An active ingredient of "S.A.P." was phosphorus, and was quickly suspected of starting grass fires, such that competing products such as "Vernox" were soon being marketed as being safer in this respect, though "Vernox" and others such as "Deathtrail" and "Grim" all contained free phosphorus, in perhaps different concentrations. The advantage of phosphorus as a poison is that, in dry weather and if not strewn as clumps, it degrades to innocuous phosphoric acid within a week and is harmless to stock.

- Thall-Rat
The active compound in this rat poison was thallium sulfate, imported from Germany. Its advantages as a rodenticide, that it was odorless and practically tasteless and swift acting, were also realised by amateur poisoners; it was also inexpensive, required no licence to purchase, gave symptoms similar to known diseases, and one gram was sufficient to despatch a human. Its one disadvantage in this application was that it did not degrade, and could easily be detected many years post mortem.

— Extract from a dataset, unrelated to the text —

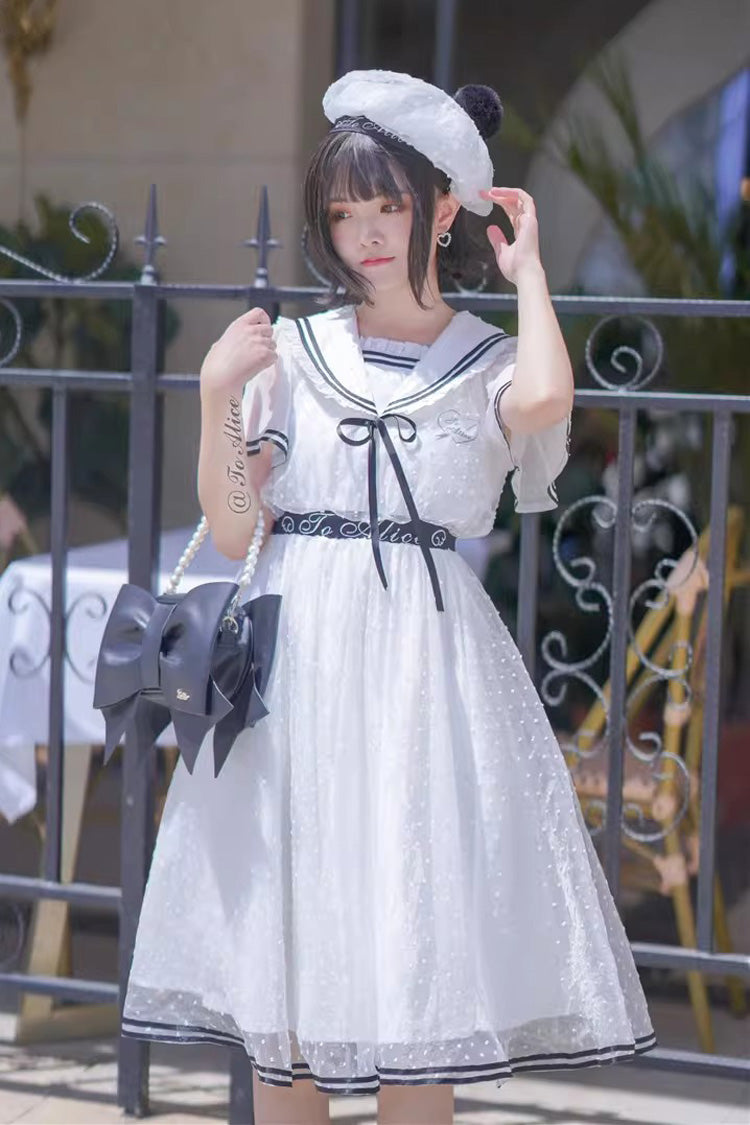 Ivory Navy Collar Ruffled Sailor Dress with Lace-Up - Seaside Sweetheart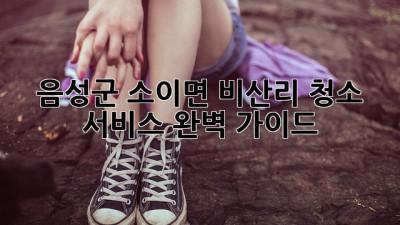 음성군 소이면 비산리 청소 서비스 완벽 가이드🧹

After a spate of such poisonings in Sydney in the early 1950s, given due prominence in the Australian press, and the exhumation of more suspected victims, its ready sale was prohibited.

==The founders==
Roland Allport (1870 - 2 May 1946) managing director, with his brother Robert founded the firm in 1890. Their brother Dr Alfred Allport (1867 - 1949) was a surgeon and English international Rugby Union player, who cofounded St Paul's Hospital, London. Roland's sons R(oland) Bret Allport (c. January 1894–1946 ) and Jack Manning Allport MM (c. June 1895 – 20 Feb 1978), a motor mechanic, enlisted with the 1st AIF and served overseas. Jack was released in 1917 to serve with the Royal Flying Corps and was awarded the Military Cross, while Roland reached the rank of Lieutenant with the 3rd Infantry Battalion.

Robert Knight Allport (c. 1861 – 5 July 1933) was born in London and came out to Sydney around 1885.
- Other interests
- Chamber of Commerce committee member
- Chamber of Manufactures committee member
- Millions Club committee member
- Manufacturers' Mutual Insurance, Ltd., director
- Pure Food Act, advisory committee member
- Boy Scouts' Association, central executive
His son Dr. Robert M. Allport was a medical doctor in Gulgong NSW.

Andrew L. Potter (c. 1862 – 29 June 1928) was born in Surrey and emigrated to Sydney around 1888. He was noted for his athletic physique and in his youth was a cricketer, footballer, cyclist and golfer. He resigned from the firm to return to England, but did not remain there long, and returned to Sydney, where he joined with pharmacist G. Keith Birks to found the firm of Potter & Birks Ltd. in 1904. He retired from that company in 1916. He never married. He was a brother of James W. Potter, of the English shipowners Birt, Potter and Hughes.